Sereno, C.J., (Chairperson), Leonardo-De Castro, Bersamin, and Perez, JJ., concur.



* “Adworld Signs and Advertising Corporation” in some parts of the records.

[1] Rollo (G.R. No. 204866), pp. 11-55.

[2] Id. at 73-87. Penned by Associate Justice Juan Q. Enriquez, Jr. with Associate Justices Apolinario D. Bruselas, Jr. and Manuel M. Barrios, concurring.

[3] Id. at 59-61. Penned by Associate Justice Apolinario D. Bruselas, Jr. with Associate Justices Noel G. Tijam and Ricardo R. Rosario, concurring.

[4] Id. at 97-109. Penned by Presiding Judge Dina Pestaño Teves.

[5] Id. at 97.

[6] See id. at 74-76.

[7] Id. at 76-77.

[8] Id. at 77.

[9] Id.

[10] Id. at 97-109.

[11] Id. at 109.

[12] Id. at 105-106.

[13] Id. at 104.

[14] Id. at 106.

[15] Id. at 78.

[16] Entitled “Transworld Media Ads, Inc. v. Adworld Sign and Advertising Corporation, et al.”
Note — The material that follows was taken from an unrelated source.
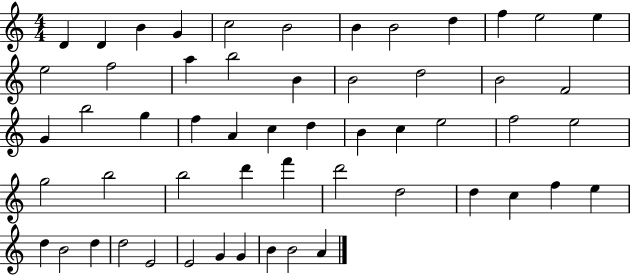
D4/q D4/q B4/q G4/q C5/h B4/h B4/q B4/h D5/q F5/q E5/h E5/q E5/h F5/h A5/q B5/h B4/q B4/h D5/h B4/h F4/h G4/q B5/h G5/q F5/q A4/q C5/q D5/q B4/q C5/q E5/h F5/h E5/h G5/h B5/h B5/h D6/q F6/q D6/h D5/h D5/q C5/q F5/q E5/q D5/q B4/h D5/q D5/h E4/h E4/h G4/q G4/q B4/q B4/h A4/q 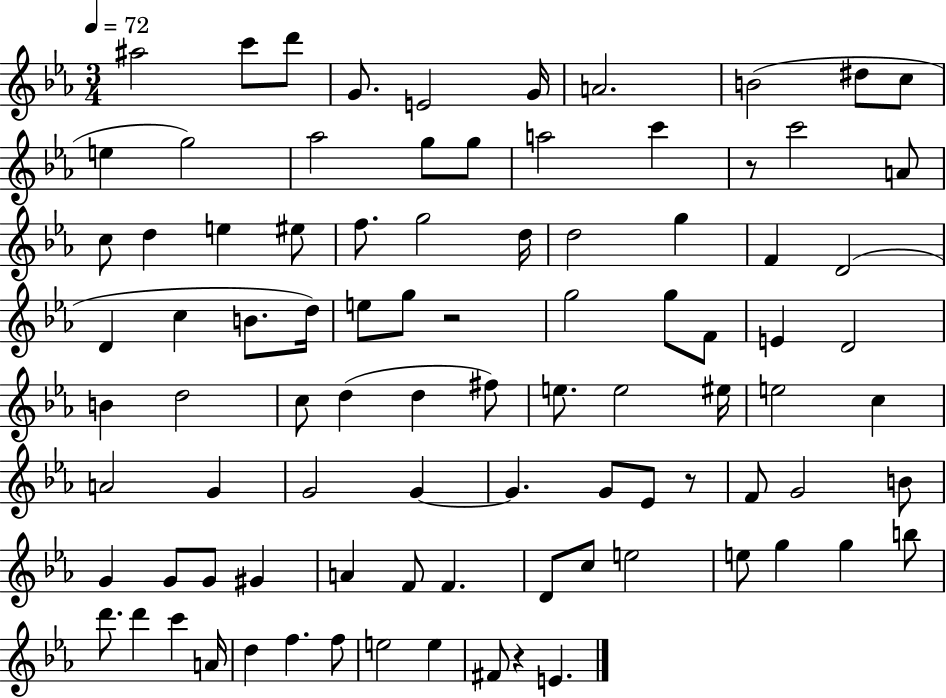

[17] Rollo (G.R. No. 197601), p. 7.

[18] Id. at 11.

[19] Rollo (G.R. No. 204866), pp. 73-87.

[20] Id. at 85.

[21] See Motion for Reconsideration dated December 8, 2011; id. at 63-71.

[22] Id. at 59-61.

[23] Entitled “Transworld Media Ads, Inc. v. Adworld Signs and Advertising Corp.”

[24] Rollo (G.R. No. 205120), p. 164.

[25] See Guevarra v. People, G.R. No. 170462, February 5, 2014, citing Maxwell Heavy Equipment Corporation v. Yu, G.R. No. 179395, December 15, 2010, 638 SCRA 653, 658.

[26] People v. Anod, 613 Phil. 565, 572 (2009).

[27] Bank of the Philippine Islands v. Lifetime Marketing Corporation, 578 Phil. 354, 362 (2008), citing Philippine Bank of Commerce v. CA, 336 Phil. 667, 676 (1997).

[28] Garcia, Jr. v. Salvador, 547 Phil. 463, 470 (2007), citing Child Learning Center, Inc. v. Tagorio, 512 Phil. 618, 623-624 (2005).

[29] Article 2194 of the Civil Code reads:

Art. 2194. The responsibility of two or more persons who are liable for a quasi-delict is solidary.

[30] See People v. Velasco, G.R. No. 195668, June 25, 2014, citations omitted.

[31] Id.

[32] See id., citing Far Eastern Shipping Company v. CA, 357 Phil. 703, 751 (1998).